Love is Oneness, Completeness, Wholeness. When we feel love from the human perspective we tap into this oneness and completeness. To understand this, it helps to understand the human condition. Humanity has evolved in a world of competition and survival of the fittest. Through this competitive world humans have developed a deeply ingrained sense of separation. The general human experience is one of feeling separate from others, at odds with others, and getting along with some humans but not others. Through this experience of separation we encounter love and hate. Well, I call it the Continuum of Love.
The Continuum of Love is the range of love from the highest selfless love for others, through feelings of love for those close, through feelings of friendship, through feelings of indifference, to dislike, and to hate at the far end of the Continuum of Love. It's a whole range of the experience of love. Kind of. It's not the whole complete Love, which is not a love for others, but rather Love In Itself. Not love of these or those. Just Love, without the sense of separation. Love is Oneness.
You see, the sense of separation is key to understanding love. The sense of separation isn't accurate. Truly, no matter how many there seem to be, there is only ever One, an Infinite One. It is this Oneness that is Pure Love. Oneness is Complete and Whole. It is the natural state of Being. When humans feel love, it is a temporary dropping of the ingrained sense of separation, which allows the natural, true state of Love to come through. The closeness of human love is felt when there is a reduction in this sense of separation.
Most humans prefer love and unity to hate and separation, but some get so caught up in the sense of separation that the hate dominates. It is the sense of separation from others that gives rise to these feelings of closeness and distance. The closer people are to Oneness, the greater the feeling of love. When seemingly further away from Oneness, the feelings of distance, separation and difference can lead to hostility, competition and hate. But even in the physical sense there is a drive towards unity. Humans seek to have sexual relationships, where there is a physical union of sorts. The higher seeking is to have an emotional union with another, which we call "in love". And there is a higher love still, with the love and compassion for all humans and all creatures. This is a love that is closer to Pure Love.
Pure Love is that natural state of Oneness, without the sense of separation from others. We can call it Love, Joy, Peace, Wholeness, Oneness, Being, or God. It is the same One. It is the same One that all spiritual seekers seek. But it is right here. It is no distance. What prevents the natural state from being evident in the human experience is the ingrained notion of separation. So the theory is that all we need do is drop the notion of separation, and Love will be permanently experienced.
This is Enlightenment. There are numerous ways to 'reach' Oneness, though, of course, it cannot be reached, because we are already no distance from it.
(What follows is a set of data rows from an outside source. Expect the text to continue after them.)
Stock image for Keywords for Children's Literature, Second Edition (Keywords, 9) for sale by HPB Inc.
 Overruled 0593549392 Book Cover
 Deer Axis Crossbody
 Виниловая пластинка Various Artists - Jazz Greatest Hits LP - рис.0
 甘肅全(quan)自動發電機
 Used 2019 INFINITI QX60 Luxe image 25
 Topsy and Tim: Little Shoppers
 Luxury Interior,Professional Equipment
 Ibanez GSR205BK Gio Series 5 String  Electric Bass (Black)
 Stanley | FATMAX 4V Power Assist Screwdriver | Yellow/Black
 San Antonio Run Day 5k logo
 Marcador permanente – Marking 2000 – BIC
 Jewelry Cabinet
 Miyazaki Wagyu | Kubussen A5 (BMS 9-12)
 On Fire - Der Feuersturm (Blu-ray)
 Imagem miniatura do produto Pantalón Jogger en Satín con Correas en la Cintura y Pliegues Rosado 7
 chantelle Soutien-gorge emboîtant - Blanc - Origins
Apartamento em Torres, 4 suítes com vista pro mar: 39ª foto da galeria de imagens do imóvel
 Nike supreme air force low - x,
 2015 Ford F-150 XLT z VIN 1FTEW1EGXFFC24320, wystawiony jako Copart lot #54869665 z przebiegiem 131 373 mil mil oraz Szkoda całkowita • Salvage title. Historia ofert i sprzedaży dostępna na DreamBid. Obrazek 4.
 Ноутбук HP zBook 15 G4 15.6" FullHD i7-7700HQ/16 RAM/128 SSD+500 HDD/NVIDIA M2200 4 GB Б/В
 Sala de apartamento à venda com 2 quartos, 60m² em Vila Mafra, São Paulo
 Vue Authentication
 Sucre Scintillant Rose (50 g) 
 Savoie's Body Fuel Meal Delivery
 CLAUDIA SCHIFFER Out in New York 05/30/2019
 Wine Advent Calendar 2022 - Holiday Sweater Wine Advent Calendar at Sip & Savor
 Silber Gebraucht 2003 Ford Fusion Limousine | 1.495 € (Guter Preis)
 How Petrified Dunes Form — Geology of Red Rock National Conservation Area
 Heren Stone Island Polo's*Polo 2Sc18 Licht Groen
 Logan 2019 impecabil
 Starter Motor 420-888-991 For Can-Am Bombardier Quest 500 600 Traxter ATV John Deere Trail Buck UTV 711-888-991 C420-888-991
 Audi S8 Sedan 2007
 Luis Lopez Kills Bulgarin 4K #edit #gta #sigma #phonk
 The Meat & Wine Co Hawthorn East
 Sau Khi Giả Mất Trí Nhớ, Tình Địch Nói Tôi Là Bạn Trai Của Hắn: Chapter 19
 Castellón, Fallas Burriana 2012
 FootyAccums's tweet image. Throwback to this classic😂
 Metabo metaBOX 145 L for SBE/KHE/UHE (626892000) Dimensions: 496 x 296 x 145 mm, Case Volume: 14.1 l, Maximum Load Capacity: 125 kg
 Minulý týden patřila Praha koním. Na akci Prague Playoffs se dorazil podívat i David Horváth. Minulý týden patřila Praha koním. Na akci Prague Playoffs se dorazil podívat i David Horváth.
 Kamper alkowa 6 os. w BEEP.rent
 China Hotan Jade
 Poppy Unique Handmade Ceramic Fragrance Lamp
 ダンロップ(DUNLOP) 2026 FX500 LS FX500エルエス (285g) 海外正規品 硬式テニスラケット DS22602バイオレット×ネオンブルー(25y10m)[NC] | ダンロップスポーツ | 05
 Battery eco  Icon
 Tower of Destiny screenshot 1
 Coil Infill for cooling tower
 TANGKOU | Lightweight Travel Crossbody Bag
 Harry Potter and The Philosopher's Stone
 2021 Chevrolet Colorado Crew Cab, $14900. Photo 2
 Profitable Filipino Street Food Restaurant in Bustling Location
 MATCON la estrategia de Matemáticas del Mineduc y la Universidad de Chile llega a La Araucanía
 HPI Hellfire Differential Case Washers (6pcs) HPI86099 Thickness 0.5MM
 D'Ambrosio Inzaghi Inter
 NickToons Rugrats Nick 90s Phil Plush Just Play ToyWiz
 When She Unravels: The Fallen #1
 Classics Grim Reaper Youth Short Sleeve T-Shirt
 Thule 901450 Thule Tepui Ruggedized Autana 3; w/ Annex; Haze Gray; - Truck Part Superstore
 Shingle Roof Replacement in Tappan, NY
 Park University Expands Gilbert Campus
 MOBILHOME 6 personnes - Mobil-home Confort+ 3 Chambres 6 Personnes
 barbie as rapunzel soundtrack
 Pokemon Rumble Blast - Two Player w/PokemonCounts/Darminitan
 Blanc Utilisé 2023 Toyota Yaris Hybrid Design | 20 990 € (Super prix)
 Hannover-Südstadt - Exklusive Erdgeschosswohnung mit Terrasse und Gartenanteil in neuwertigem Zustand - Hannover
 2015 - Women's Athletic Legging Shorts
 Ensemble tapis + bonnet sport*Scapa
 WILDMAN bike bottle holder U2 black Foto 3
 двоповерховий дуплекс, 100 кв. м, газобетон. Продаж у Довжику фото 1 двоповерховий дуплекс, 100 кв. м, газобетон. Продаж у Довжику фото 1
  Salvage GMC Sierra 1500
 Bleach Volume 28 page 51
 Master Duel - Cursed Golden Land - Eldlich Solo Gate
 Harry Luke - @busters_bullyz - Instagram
We are Oneness. But the notion of separation needs to be dropped for it to be revealed in the human experience. So in the human experience we can practice Oneness, by letting go of feelings of hate and dislike. If we aim for love and kindness to others, then it brings the human closer to Oneness. Then the leap from being close to being One seems a shorter leap. Ultimately the sense of 'others' needs to be dropped. There are no others. There is no separation. The separation is only in the human mind. But the mind can be 'untrained' so that the sense of separation is released.
So, even at a simple level, bringing love and kindness into the daily life can lead each human experience closer to revealing the true nature of Oneness that is right here. Then ultimately the sense of being separate must be dissolved in the Oneness of Love.